BEGIN

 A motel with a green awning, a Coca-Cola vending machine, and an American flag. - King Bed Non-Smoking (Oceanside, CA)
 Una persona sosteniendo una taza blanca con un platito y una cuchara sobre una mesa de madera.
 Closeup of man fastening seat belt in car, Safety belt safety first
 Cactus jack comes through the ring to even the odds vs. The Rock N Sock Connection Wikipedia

END
BEGIN

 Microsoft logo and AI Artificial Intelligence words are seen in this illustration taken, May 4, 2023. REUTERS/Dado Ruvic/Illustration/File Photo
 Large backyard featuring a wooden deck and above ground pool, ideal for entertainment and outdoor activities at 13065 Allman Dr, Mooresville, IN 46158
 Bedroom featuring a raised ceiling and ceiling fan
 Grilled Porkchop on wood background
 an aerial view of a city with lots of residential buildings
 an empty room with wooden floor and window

END

Your objective: Output exactly one stretch of the listing: from the line containing "Large backyard featuring" through the line containing "an empty room with wooden floor and window", both end lines included.

Solution for this exercise:
 Large backyard featuring a wooden deck and above ground pool, ideal for entertainment and outdoor activities at 13065 Allman Dr, Mooresville, IN 46158
 Bedroom featuring a raised ceiling and ceiling fan
 Grilled Porkchop on wood background
 an aerial view of a city with lots of residential buildings
 an empty room with wooden floor and window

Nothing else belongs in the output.